Stupid question but why take kids then and not adult women? Why take the risk of buying CP if you do not like the kids young?


I'm guessing the market will just serve them fake custom videos then ...


One argument I've heard is that it makes investigation of real cp harder.


Possibly, but I'd also speculate that it makes real cp less profitable, and therefore start to disappear. Similar to how real OF girls are going to rapidly lose their income because dudes running AI camgirls will increasingly outcompete them for attention and money.


You think the main reason cp exists is profit? Really?

Listen to the podcast "Hunting Warhead" before you make another comment so wildly uninformed on the topic anywhere.


Pretty sure that is a terrible reason to make laws for it. I heard the bill of rights has the same problem.


I'm also not sure how I feel about it. Guess I'd have to see some evidence of how people generating cp images affects real children, be it by encouraging actual acts or whatever. If it doesn't or has the opposite effect, I would be against criminalising it, even though it is disgusting


Luckily most other people in the world don't need further convincing.

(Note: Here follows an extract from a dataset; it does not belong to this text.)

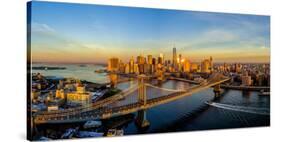 Manhattan Bridge at sunrise, New York City, New York State, USA-null-Stretched Canvas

I hear encryption does the same thing.


It does make it harder to investigate, the counter argument is that encryption is a literally unavoidable requirement for securing almost 100% of all online activities, which are themselves now critical to the functioning of modern economies.

For the moment, GenAI isn't.


"Anyone in the training dataset"?

A big unanswered question in the age of AI: how does a system of law work when breaking one law is bad, but the product of breaking many laws is totally exempt?

We're starting to see the milder form of this in debates around authorship and copyright. But when your AI model requires a shockingly large quantity of clearly verboten material as input, what is one to make of the output?


Real children in the activity this kind of material promotes


This is the old 'violence in movies promotes violence in real life' argument.


You mean, in the same way as black metal promotes burning churches and video games cause mass shootings?


What is to stop someone from making a USB dongle that generates CP to politically assassinate a target?


What is to stop someone from making a USB dongle that has real CP on it to politically assassinate a target?


I presume the difference is- this USB has nothing on it except this one small exe. Nothing to worry about. Then it just generates massive amounts of illegal content on your PC. But I guess that’s not that different from a small exe reaching out to the internet and pulling in massive amounts of the same illegal material.


They may not wish to interact with real CP or the people that sell it. Typing a few words into a model is certainly easier.


specificity, and effectiveness.

when its faked, it can be magnitudes more damning in the fake details, vs spraying jpegs of old polaroids of a baby having first bath


No network traces. Can target offline PCs.


What's to stop people from framing others for any other crime you could think of, what's to stop people from committing crimes themselves? Technically nothing that's bulletproof, yet we have laws anyway. The world is messy.


The FBI already has ways of "discovering" CSAM on the computers of slippery suspects or obstreperous potential informants.